The different aspects of the second method of the invention (the methods used for the determination of the levels of the markers, the nature of the sample which is to be studied, the thresholds for consideration of a marker as having been increased or decreased) are essentially as defined previously in respect of the first method of the invention. In a preferred embodiment, the second method of the invention further comprises determining in said biological sample the levels of the metabolic markers at positions 7 to 23 in table 1 wherein the therapy is considered as effective for the treatment of liver damage when the levels of the metabolic marker or markers at positions 7, 10, 17 and 23 in table 1 are decreased with respect to the level of the same metabolic markers in a reference sample and when the levels of the metabolic markers at positions 8, 9, 11 to 16 and 18 to 22 in table 1 are increased with respect to the level of the same metabolic markers in a reference sample.

The term "reference sample", as used in respect of the second method of the invention for the determination of the efficacy of a therapy for liver damage, relates to either a sample derived from the patient wherein the efficacy of the therapy is being tested but obtained from the patient suffering liver damage prior to the administration of the therapy. In another embodiment, the reference sample is a sample from a patient suffering from liver damage which has either been left untreated or which has been treated with a control therapy, preferably, the same excipient, carrier or vehicle which is used in the therapy whose efficacy for the treatment of liver damage is to be assessed.

The term "therapy" as used herein, encompasses the treatment of existing liver damage as well as preventative treatment (i.e., prophylaxis). Therapy includes, but is not limited to, administering an agent for treating liver damage, treating associated metabolic conditions such as diabetes and hyperlipidemia, improving insulin resistance, following a balanced and healthy diet, avoiding alcohol, and avoiding unnecessary medications. Tests than can be used to determine whether there exists liver damage include, without limitation, the following;

(i) Assays to determine the levels of serum enzymes such as lactate dehydrogenase (LDH), alkaline phosphatase (ALP), aspartate aminotransferase (AST), and alanine aminotransferase (ALT), where an increase in enzyme levels indicates liver disease.

(ii) Assays to determine serum bilirubin levels. Serum bilirubin levels are reported as total bilirubin and direct bilirubin. Normal values of total serum bilirubin are 0.1 - 1.0 mg.dl (e.g., about 2 - 18 mmol/L). Normal values of direct bilirubin are

0.0 - 0.2 mg/dl (0 - 4 mmol/L). Increases in serum bilirubin are indicative of liver disease.

(iii) Assays to determine serum protein levels, for example, albumin and the globulins (e.g., alpha, beta, gamma). Normal values for total serum proteins are 6.0- 8.0 g/dl (60-80 g/L). A decrease in serum albumin is indicative of liver disease. An increase in globulin is indicative of liver disease.

Other tests include prothrombin time, international normalized ratio, activated clotting time (ACT), partial thromboplastin time (PTT), prothrombin consumption time (PCT), fibrinogen, coagulation factors; mean corpuscular volume (MCV), platelet count, alpha- fetoprotein, and alpha- fetoprotein- L3 (percent).

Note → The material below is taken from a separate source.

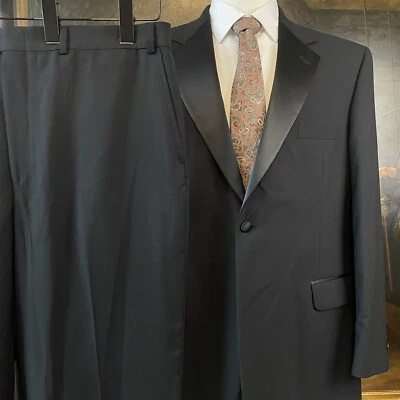 VTG Stafford Formal Wear 46R 40 x 30 2Pc Black 100% Wool Hopsack 1Btn Tuxedo - Image 1 of 4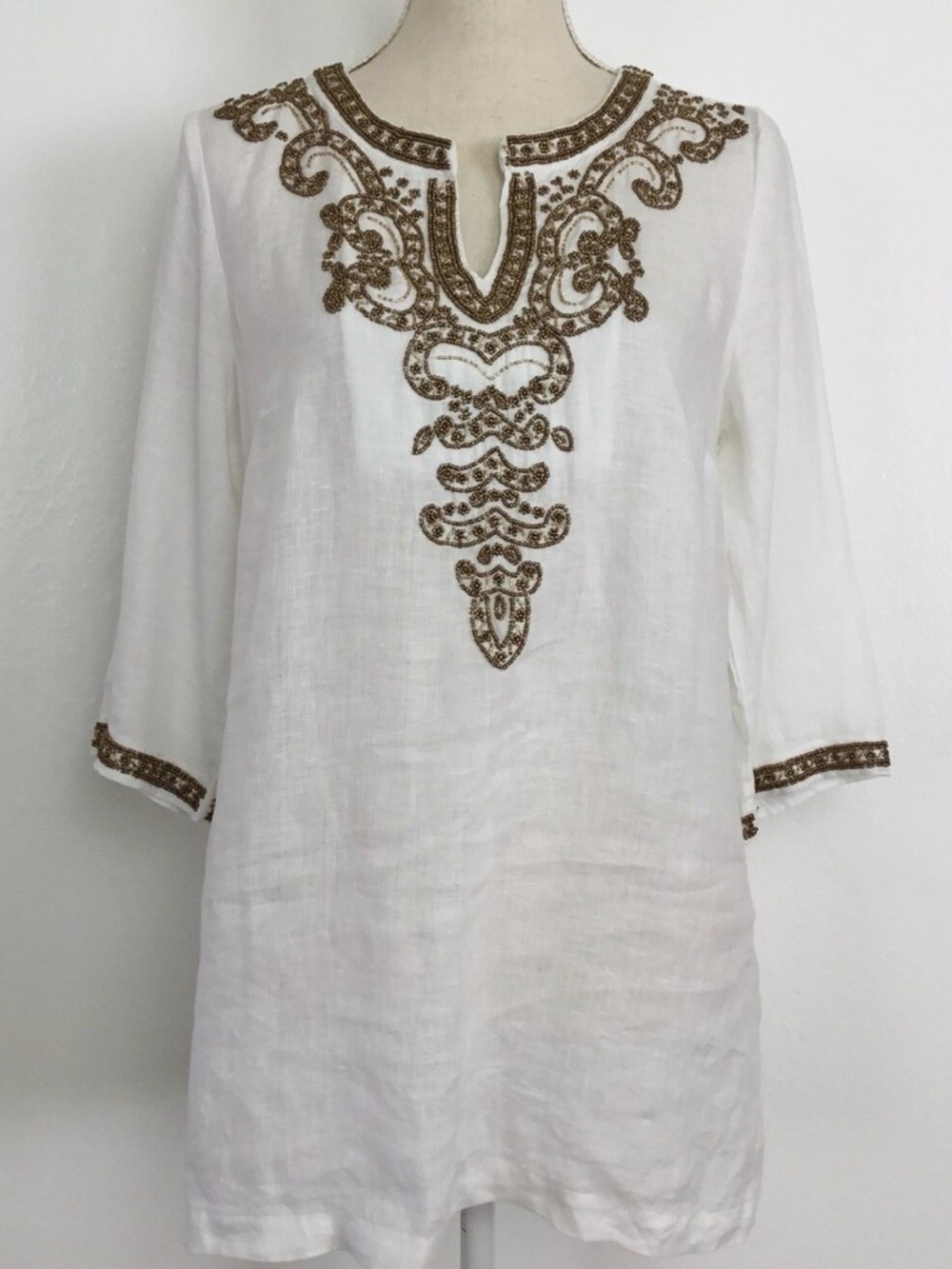 Chico’s White Linen Tunic Top Blouse M Beaded Embellished 3/4 Sleeve Boho - Picture 2 of 12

III. Method for the identification of compounds causing liver damage The authors of the present invention have also developed a method for the identification of a compound causing liver damage. Thus, in another aspect, the invention relates to a method (hereinafter "the third method of the invention") for the identification of compounds causing liver damage comprising determining in a biological sample of a subject having been treated with a test compound the levels of the metabolic markers at positions 1 to 6 as defined in table 1 wherein the test compound is considered as causing liver damage when the levels of the metabolic markers at positions 1 to 5 are increased with respect to the level of the same metabolic markers in reference sample and when the level of the metabolic marker at position 6 is decreased with respect to the level of the same metabolic markers in a reference sample.

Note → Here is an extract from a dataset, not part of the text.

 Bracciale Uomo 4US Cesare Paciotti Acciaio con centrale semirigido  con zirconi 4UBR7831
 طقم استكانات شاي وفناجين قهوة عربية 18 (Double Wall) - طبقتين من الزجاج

The different aspects of the third method of the invention (the methods used for the determination of the levels of the markers, the nature of the sample which is to be studied, the thresholds for consideration of a marker as having been increased or decreased) are essentially as defined previously in respect of the first method of the invention. In a preferred embodiment, the third method of the invention further comprises determining in said sample the levels of the metabolic markers at positions 7 to 23 in table 1 wherein the test compound is considered as causing liver damage when the levels of the metabolic markers at positions 7, 10, 17 and 23 in table 1 are increased with respect to the level of the same metabolic markers in reference sample and when the levels of the metabolic markers at positions 8, 9, 11 to 16 and 18 to 22 in table 1 are decreased with respect to the level of the same metabolic markers in a reference sample.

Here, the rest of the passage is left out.